There are some other business-related uses of turnover, including employee turnover (the number of staff leaving within a specific period), stock turnover (how often your inventory needs to be replaced), and accounts receivable turnover (how long it takes clients or customers to pay – find out more about tackling late payments). 

Calculating turnover versus gross and net profits 

To work out your turnover, you simply need to add up all income from sales within a set amount of time, subtracting any trade discounts, product returns and VAT (if applicable). 

You can then subtract the cost of those sales to produce your gross profit, and all other expenses for your net profit. 

Turnover is usually requested and calculated over the annual financial year, or on a quarterly basis. And various invoicing and accounting tools for freelancers and the self-employed will help you track your turnover and profits, assuming you’re recording everything in a timely fashion. 

For example: 

  • Total turnover: £75,000 

  • Cost of goods and services sold: £15,000 

  • Gross profit = £60,000 

  • Operating expenses: £10,000 

  • Net Profit = £50,000 

Why is turnover important for small businesses? 

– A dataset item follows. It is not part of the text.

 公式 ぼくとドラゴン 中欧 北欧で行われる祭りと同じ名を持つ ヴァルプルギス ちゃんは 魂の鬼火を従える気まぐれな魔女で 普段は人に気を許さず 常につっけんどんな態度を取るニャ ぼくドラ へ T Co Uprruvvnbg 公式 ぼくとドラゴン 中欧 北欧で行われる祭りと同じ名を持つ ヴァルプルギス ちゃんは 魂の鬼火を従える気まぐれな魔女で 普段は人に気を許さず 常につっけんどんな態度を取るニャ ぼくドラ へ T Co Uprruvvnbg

Keeping track of your growth and turnover is important for small businesses, even if it’s often not a measure of success in itself. If you’re a smaller sole trader or solo limited company director, you may be focusing on servicing a limited number of clients or customers, and not currently looking to expand. But knowing your turnover and profit figures will highlight if you have unnecessary costs in your business, or you’re working with an unprofitable client (for example, if they’re constantly requesting unbilled amounts of time from you over a long period). 

It will also give you time to prepare if you’re heading towards the mandatory VAT threshold, and will mean you’re ready if you receive an unexpected offer to buy your business

Growing turnover is also a useful indication and reassurance if you’re thinking about expanding, and taking on sub-contractors or staff. And an early warning sign if demand for your current products and services may be dipping due to temporary circumstances, or if the market is changing permanently. 

And if you’re looking to attract funding through loans, grants, investors, or new partners, you may want or need to prioritise growing your turnover versus extracting profits from the business to make it a more attractive proposition. 

Ultimately, turnover is a key indicator of the health of your business right now, and an indication of the future. So it’s an important metric to understand and review on a regular basis to ensure you’re building a successful self-employed career or business.